For reasons that I cannot disclose at this time, his supervisor has reason to believe that Richard Waters did not take the bar at this period of time. If this is in fact the case, his supervisor intends to take some form of disciplinary action which could possibly lead to his removal from federal service.
On July 21, the Board confirmed that Waters had taken the February bar exam. During the course of these events, Waters was never informed that the Department was also investigating his use of leave in February. He found out in December 1986, in unrelated correspondence with the Board. On December 24, in response to a request from Waters' attorney, the Department sent Waters copies of the Department's correspondence with the Pennsylvania bar authorities. It also sent him a copy of a letter (dated December 24) from the Executive Officer of the Administrative Management Section of the Civil Rights Division to the Pennsylvania Board explaining that Murphy's July 9, 1986, letter had been simply an attempt to verify Waters' attendance at the bar exam. The letter further stated that Waters was and always had been in good standing as a federal employee.
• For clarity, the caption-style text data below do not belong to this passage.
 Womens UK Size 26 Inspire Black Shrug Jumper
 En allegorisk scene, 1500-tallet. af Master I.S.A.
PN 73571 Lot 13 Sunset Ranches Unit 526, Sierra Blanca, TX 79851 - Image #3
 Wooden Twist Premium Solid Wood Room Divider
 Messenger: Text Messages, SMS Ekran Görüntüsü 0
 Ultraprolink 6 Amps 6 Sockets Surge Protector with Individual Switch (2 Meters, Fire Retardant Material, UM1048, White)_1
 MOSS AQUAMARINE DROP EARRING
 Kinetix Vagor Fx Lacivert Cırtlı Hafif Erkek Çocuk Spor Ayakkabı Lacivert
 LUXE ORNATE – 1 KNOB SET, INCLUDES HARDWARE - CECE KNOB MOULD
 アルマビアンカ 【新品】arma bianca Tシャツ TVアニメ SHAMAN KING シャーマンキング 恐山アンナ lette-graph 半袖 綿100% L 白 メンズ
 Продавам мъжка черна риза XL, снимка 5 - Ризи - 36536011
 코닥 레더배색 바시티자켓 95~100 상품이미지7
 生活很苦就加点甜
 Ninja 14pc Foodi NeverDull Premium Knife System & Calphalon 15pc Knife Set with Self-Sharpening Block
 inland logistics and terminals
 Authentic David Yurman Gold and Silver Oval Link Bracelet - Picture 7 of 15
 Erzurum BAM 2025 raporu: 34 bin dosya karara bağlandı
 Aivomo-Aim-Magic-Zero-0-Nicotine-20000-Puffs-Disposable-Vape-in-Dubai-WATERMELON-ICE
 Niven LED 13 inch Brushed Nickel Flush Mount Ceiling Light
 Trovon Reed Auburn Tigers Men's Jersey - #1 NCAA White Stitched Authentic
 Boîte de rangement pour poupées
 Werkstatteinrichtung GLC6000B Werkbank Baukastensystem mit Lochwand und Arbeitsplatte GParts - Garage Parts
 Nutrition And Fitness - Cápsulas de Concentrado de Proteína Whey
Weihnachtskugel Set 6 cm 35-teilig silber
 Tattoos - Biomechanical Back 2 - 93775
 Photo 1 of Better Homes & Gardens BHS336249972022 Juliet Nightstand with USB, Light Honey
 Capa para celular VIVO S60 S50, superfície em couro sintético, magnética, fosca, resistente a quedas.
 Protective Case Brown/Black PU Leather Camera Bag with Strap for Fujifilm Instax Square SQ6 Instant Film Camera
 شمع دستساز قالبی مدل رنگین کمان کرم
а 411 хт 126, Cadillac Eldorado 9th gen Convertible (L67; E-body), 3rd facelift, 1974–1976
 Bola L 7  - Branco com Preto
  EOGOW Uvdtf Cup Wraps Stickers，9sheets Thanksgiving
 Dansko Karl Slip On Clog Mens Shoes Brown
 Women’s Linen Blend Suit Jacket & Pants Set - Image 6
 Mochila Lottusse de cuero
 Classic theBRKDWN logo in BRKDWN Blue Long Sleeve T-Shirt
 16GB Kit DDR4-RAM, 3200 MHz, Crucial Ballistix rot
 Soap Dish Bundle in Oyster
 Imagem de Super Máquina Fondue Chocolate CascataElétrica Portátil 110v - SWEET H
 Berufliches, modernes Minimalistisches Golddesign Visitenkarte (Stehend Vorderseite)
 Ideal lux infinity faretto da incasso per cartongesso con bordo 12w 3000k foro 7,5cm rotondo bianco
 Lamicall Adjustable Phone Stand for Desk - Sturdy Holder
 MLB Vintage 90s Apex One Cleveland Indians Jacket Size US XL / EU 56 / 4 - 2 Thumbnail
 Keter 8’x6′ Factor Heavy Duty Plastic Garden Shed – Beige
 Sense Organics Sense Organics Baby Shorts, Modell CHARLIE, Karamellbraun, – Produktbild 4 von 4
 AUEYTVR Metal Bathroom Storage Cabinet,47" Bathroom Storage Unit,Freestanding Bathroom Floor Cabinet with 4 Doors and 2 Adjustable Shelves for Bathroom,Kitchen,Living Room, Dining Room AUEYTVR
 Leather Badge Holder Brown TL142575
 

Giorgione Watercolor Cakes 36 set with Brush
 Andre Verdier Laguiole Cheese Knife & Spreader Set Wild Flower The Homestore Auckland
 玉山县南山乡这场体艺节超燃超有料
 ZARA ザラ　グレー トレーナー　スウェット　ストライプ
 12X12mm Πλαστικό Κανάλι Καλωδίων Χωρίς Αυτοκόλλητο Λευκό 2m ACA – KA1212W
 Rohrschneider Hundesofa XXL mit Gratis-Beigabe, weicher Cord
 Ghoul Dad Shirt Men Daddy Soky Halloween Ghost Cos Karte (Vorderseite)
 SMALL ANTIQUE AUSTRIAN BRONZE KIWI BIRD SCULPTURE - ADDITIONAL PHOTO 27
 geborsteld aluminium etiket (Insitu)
Waters filed suit against the Department claiming that it had violated subsection (e)(2) of the Privacy Act because it failed to "collect information to the greatest extent practicable directly from the subject individual" by contacting the Pennsylvania bar authorities without first asking him to provide objective verification of his attendance at the bar exam. 5 U.S.C. Sec. 552a(e)(2). The parties filed cross-motions for summary judgment.
In a memorandum opinion and order filed April 25, 1988, the district court denied Waters' motion for summary judgment, and granted the Department's cross-motion largely on the ground that the Department had reasonable grounds for doubting Waters' credibility and was, therefore, justified in seeking information directly from the Pennsylvania Board. Waters v. Meese, 684 F.Supp. 712 (D.D.C.1988). On appeal, Waters argues that mere doubts about a subject's credibility cannot relieve an agency's subsection (e)(2) obligation to obtain information first from that subject; and, that the recklessness with which the Department proceeded in sending the letter to the Pennsylvania Board should satisfy the "intentional or willful" standard.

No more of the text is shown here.